Studio album by Marcus Collins
- Released: 9 March 2012
- Recorded: January–March 2012
- Length: 35:00
- Label: RCA; Syco; Sony;
- Producer: Gary Barlow; Matt Furmidge; Lee McCutcheon; Paul Meehan; Brian Rawling; Alex Smith; Mark Taylor; Paul Meehan;

Singles from Marcus Collins
- "Seven Nation Army" Released: 4 March 2012; "Mercy" Released: 1 June 2012;

= Marcus Collins (album) =

Marcus Collins is the self-titled debut studio album by English singer Marcus Collins, who was a finalist on the eighth series of The X Factor in 2011. The album was released in Ireland on 9 March 2012 and on 12 March 2012 in the UK.

==Background==
For just the third time in the history of The X Factor, a judge continued to work with a contestant after the show; the first time being after Leona Lewis won the show's third series in 2006 and the second being after Jedward finished sixth in the show's sixth series in 2009. Collins' mentor Gary Barlow continued working with him after the final, and in December 2011, offered to join him in the studio to record some material to pitch to a record label.

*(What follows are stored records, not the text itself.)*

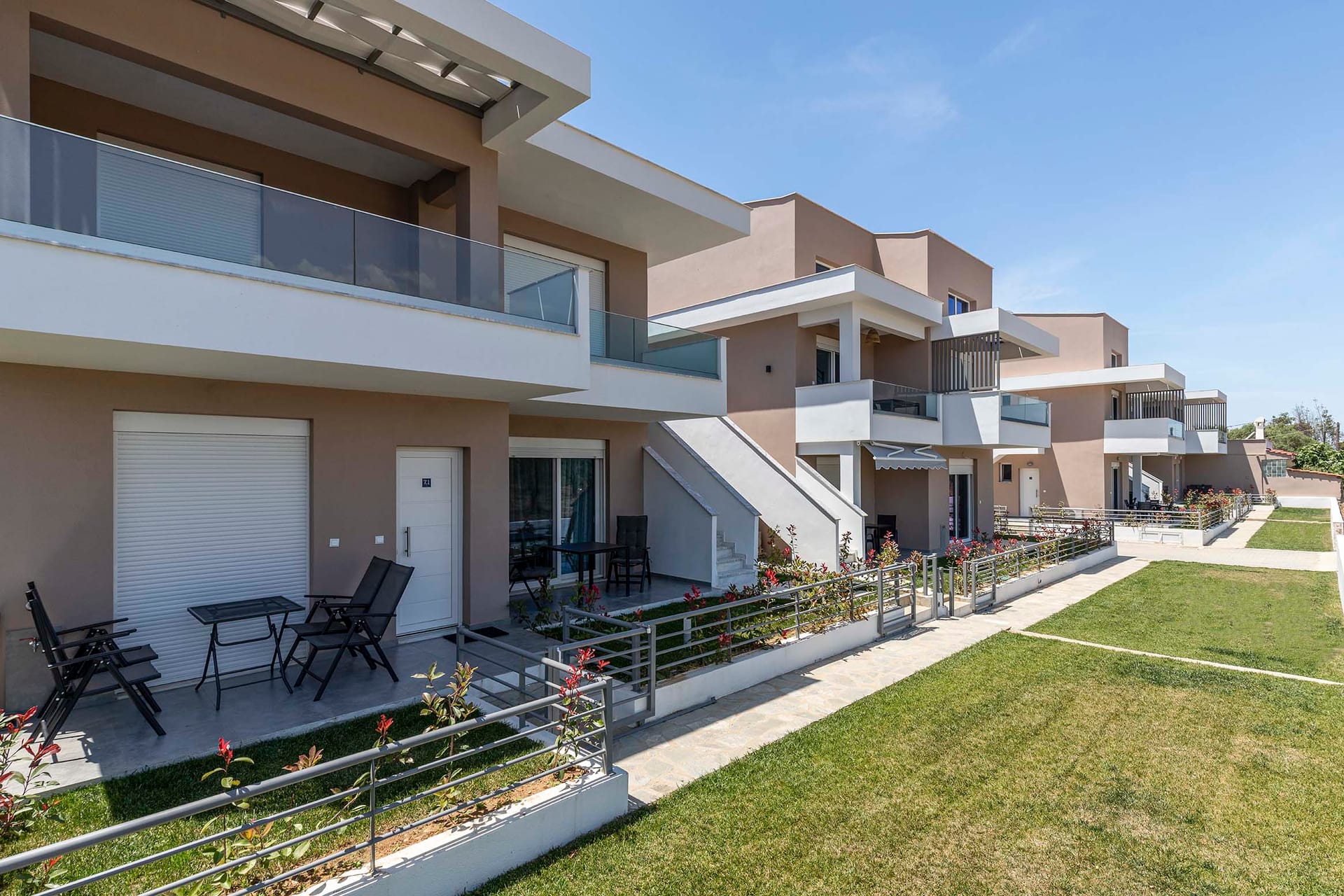 Iro Residential Complex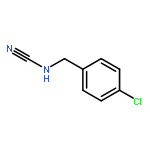 (4-CHLOROBENZYL)CYANAMIDE 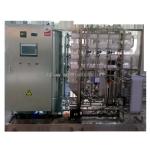 3.75KW Deionized Water Systems RO Water Purifier SUS304 Material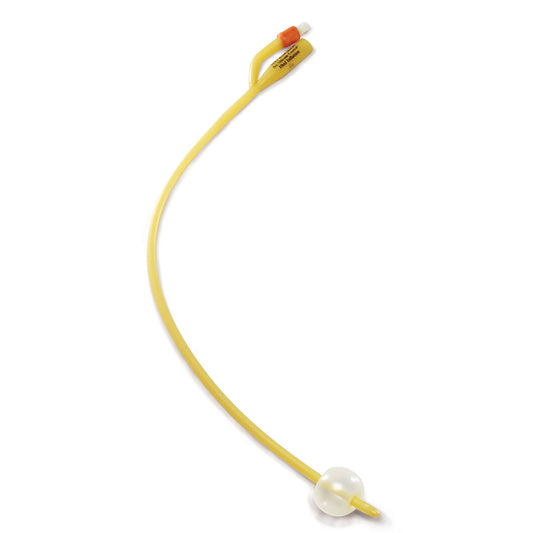 Dover™ Latex Foley Catheter, 16 Fr., 5 cc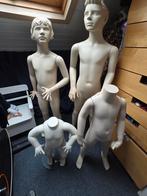 Kinder Paspoppen Set, Ophalen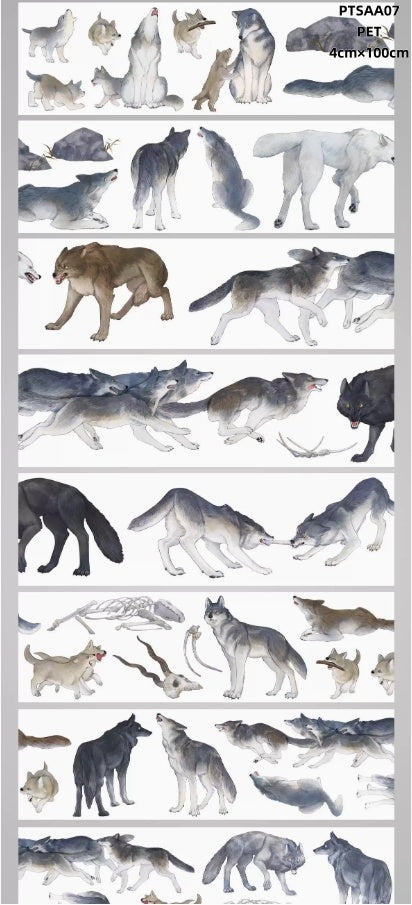 Shi An Jia A(Dragon ,Eagle ,pigeon ,goose ,bird of juno ,rampart , pig ,dog ,cattle ,chicken ,duck)7 Styles LOOPS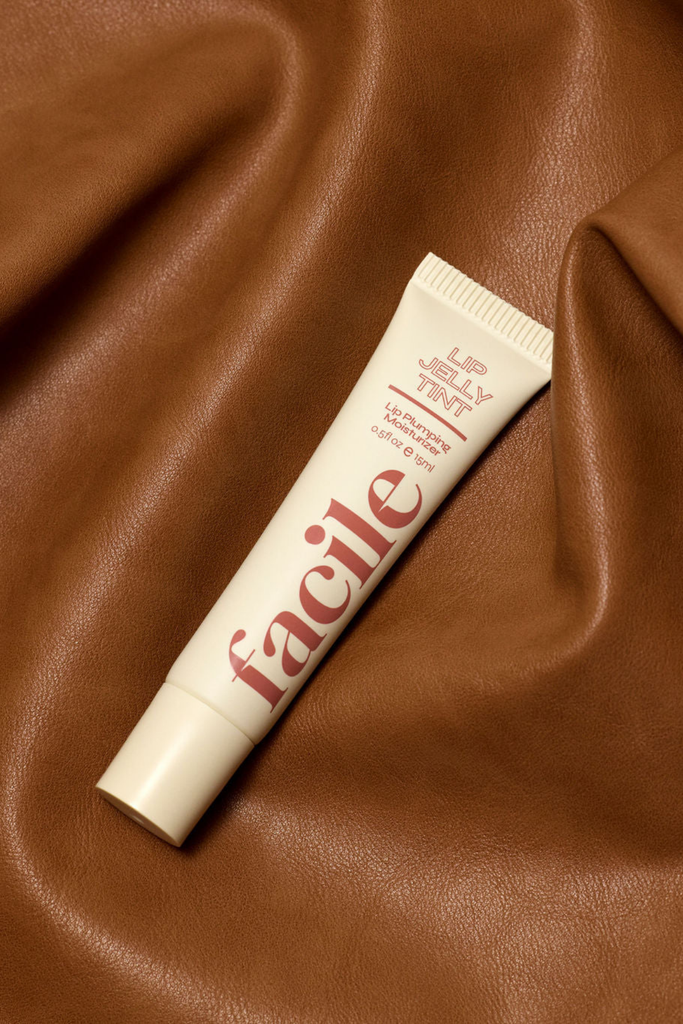 Facile Cognac Lip Jelly at Parc Shop | Minneapolis, MN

In January 2012, Collins signed a record deal with RCA Records, which would see his debut album be released in March 2012. Barlow subsequently offered to help write, oversee and produce the album. Collins began recording the album on 1 January 2012. The album's track listing was unveiled on 11 February 2012. It contains eight original recordings, as well as covers of "Seven Nation Army", "Tightrope" by American singer Janelle Monáe and Collins' version of "(Your Love Keeps Lifting Me) Higher and Higher", a song he performed on The X Factor.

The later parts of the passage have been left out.